System podzielonej płatności (ang. split payment) ma być już wkrótce obowiązkowy dla rozliczeń za towary z sektorów wrażliwych. Wniosek Ministerstwa Finansów w tej sprawie zaaprobowała już Komisja Europejska. Obowiązek ten ma dotyczyć m.in. wyrobów ze stali, surowców wtórnych, odpadów, elektroniki użytkowej (w tym smartfonów i laptopów), paliwa, części samochodowych, a także robót budowlanych.
W doniesieniach niektórych mediów jako termin wprowadzenia tego systemu pojawiała się data 1 marca 2019 r., jednak Ministerstwo Finansów zapewnia, że nastąpi to później. – Na razie nie jesteśmy w stanie podać konkretnej daty, ale nastąpi to wkrótce – zapewnia rzecznik resortu Paweł Jurek.
Czytaj także: Split payment - podzielona płatność: co trzeba wiedzieć
Ministerstwo Finansów już kilka miesięcy temu zapowiadało, że przy okazji wprowadzenia obowiązkowej podzielonej płatności w niektórych sektorach, zostaną wprowadzone także inne zmiany. System split payment ma być stosowany nie tylko dla rozliczeń w złotych, ale także dla rachunków w zagranicznych walutach. Dotychczasowe przepisy nie przewidywały też podzielonej płatności dla tzw. rachunków powierniczych (używanych np. przez lidera konsorcjum budowlanego dla rozliczeń z wykonawcami prac).
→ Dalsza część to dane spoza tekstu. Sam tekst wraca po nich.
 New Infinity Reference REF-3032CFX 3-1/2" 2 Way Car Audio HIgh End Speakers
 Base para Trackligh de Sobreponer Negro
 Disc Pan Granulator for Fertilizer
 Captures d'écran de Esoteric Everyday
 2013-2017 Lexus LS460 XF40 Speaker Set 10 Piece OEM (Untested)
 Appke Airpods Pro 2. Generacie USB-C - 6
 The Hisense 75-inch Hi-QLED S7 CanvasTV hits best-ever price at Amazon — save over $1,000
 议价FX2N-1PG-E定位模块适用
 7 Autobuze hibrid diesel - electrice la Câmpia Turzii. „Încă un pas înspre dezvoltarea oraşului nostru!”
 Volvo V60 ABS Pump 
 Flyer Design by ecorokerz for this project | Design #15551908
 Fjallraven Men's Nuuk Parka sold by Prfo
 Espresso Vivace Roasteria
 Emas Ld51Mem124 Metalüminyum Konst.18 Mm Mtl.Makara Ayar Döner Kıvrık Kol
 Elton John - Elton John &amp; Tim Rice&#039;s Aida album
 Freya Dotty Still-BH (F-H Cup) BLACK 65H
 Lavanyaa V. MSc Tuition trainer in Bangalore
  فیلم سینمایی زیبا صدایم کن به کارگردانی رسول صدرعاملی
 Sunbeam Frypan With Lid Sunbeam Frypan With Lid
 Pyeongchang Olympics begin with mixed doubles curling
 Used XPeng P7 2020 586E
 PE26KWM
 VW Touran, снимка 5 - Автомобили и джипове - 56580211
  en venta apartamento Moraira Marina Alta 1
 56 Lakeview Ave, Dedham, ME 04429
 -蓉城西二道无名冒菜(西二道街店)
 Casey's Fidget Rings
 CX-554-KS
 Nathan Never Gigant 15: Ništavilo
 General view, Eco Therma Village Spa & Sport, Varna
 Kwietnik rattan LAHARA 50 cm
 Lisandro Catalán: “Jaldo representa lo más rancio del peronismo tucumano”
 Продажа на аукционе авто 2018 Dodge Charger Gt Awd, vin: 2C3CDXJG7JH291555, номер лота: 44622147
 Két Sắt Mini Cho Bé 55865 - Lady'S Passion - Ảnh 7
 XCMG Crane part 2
Teraz rachunki VAT dla rachunków powierniczych mają być dopuszczalne. W dalszej perspektywie podzielona płatność ma być umożliwiona dla transakcji, w których płatność jest dokonywana za pomocą kart płatniczych.
Nie ogłoszono jeszcze stosownego projektu ustawy, która wdrażałaby te zapowiedzi, jednak Ministerstwo Finansów już konsultuje je m.in. z bankami. Wdrożenie tych pomysłów wymaga bowiem rozwiązania wielu ważnych kwestii, które nie występowały w dotychczasowej praktyce stosowania podzielonej płatności.